What you need to do. Where the line containing "If the license" appears in the entries below, start there and print only that line and every line after it, exactly, through the end, excluding pictures.

[Input — start]

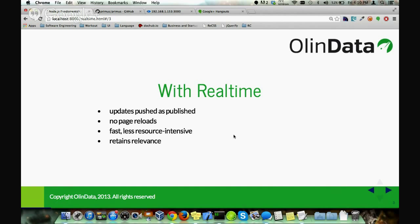All data that comes to you is pure data — JSON data, for instance. It comes in, and the UI on your browser determines how to react accordingly. It re-renders the page and retains relevance, simply because data comes on the fly and you get access to it for as long as you are on the page.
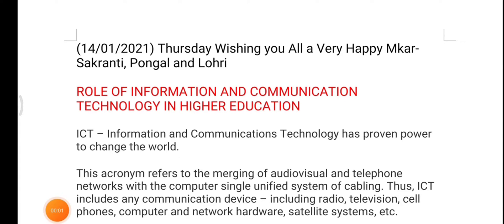Good morning guys and welcome back to our channel. Today is 14th January, Thursday, so first of all I am wishing you all a very happy Makar Sankranti, Pongal, and Lohri. Today's topic of discussion is about information and communication technology in higher education.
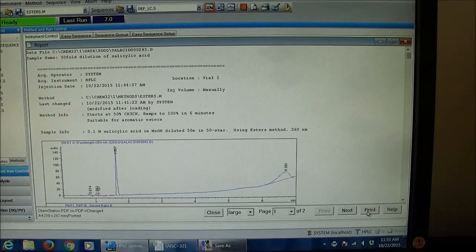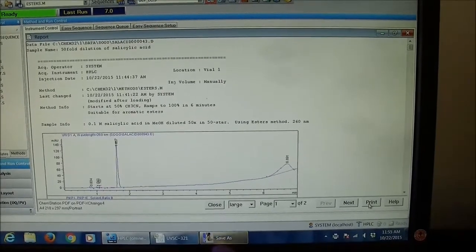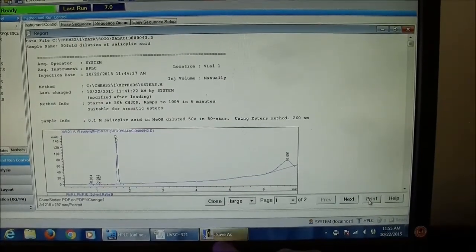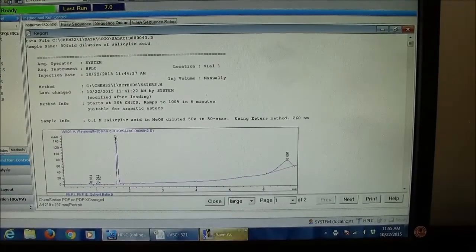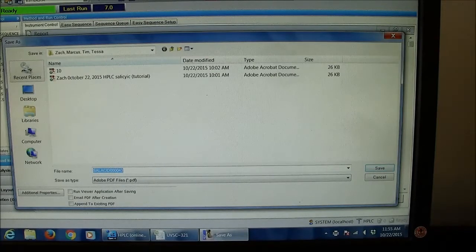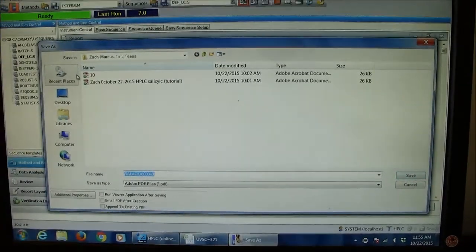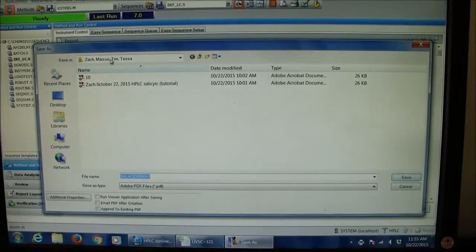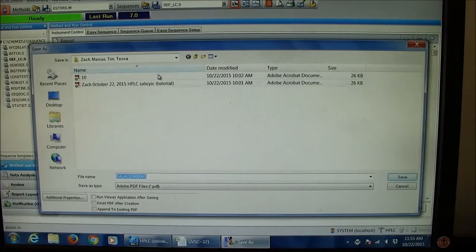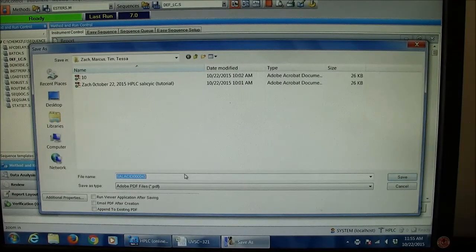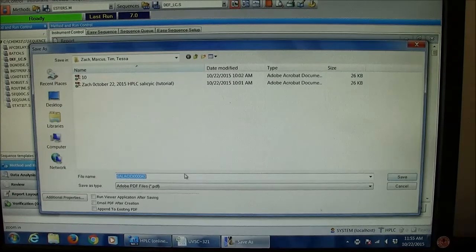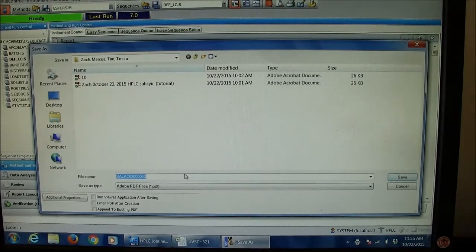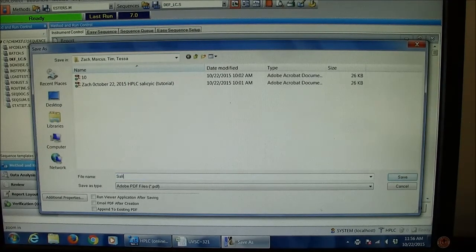It should come up with this ChemStation PDF here on the bottom. If I click save as, in this case, this is coming up as Zach, Marcus, Tim and Tessa's folder in the Dropbox. I'll give it a good title: Salicylic acid control.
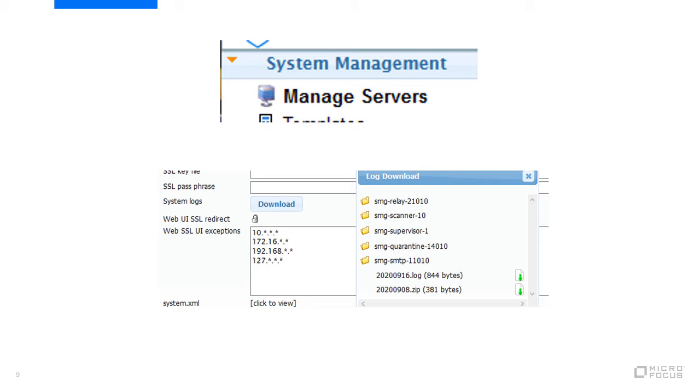If the license is not expired, check the SMG SMTP log to see if it shows as expired. Click on system management, manage servers, and then on the page on the right open the server and scroll down to system logs and click on download. Click on the folder for SMG SMTP to display the logs. Choose the one with the current date and then click on the green arrow to download it.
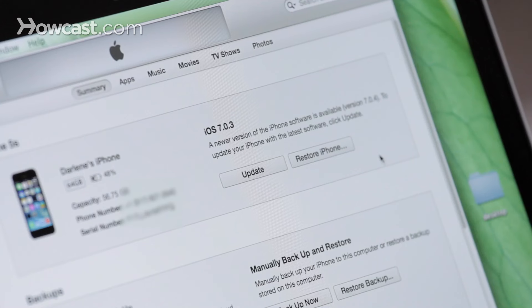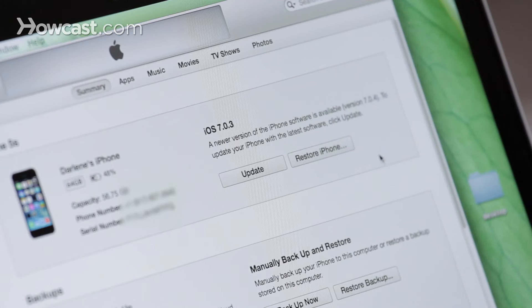So when you're ready, you'll just click on that button, it'll restore it to factory settings, and update your software. And when you're done, you'll have the option to either set it up as a new phone, or to restore it to some old backup that you have on your computer.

[Input — finish]

Task result.
If the license is not expired, check the SMG SMTP log to see if it shows as expired. Click on system management, manage servers, and then on the page on the right open the server and scroll down to system logs and click on download. Click on the folder for SMG SMTP to display the logs. Choose the one with the current date and then click on the green arrow to download it.
So when you're ready, you'll just click on that button, it'll restore it to factory settings, and update your software. And when you're done, you'll have the option to either set it up as a new phone, or to restore it to some old backup that you have on your computer.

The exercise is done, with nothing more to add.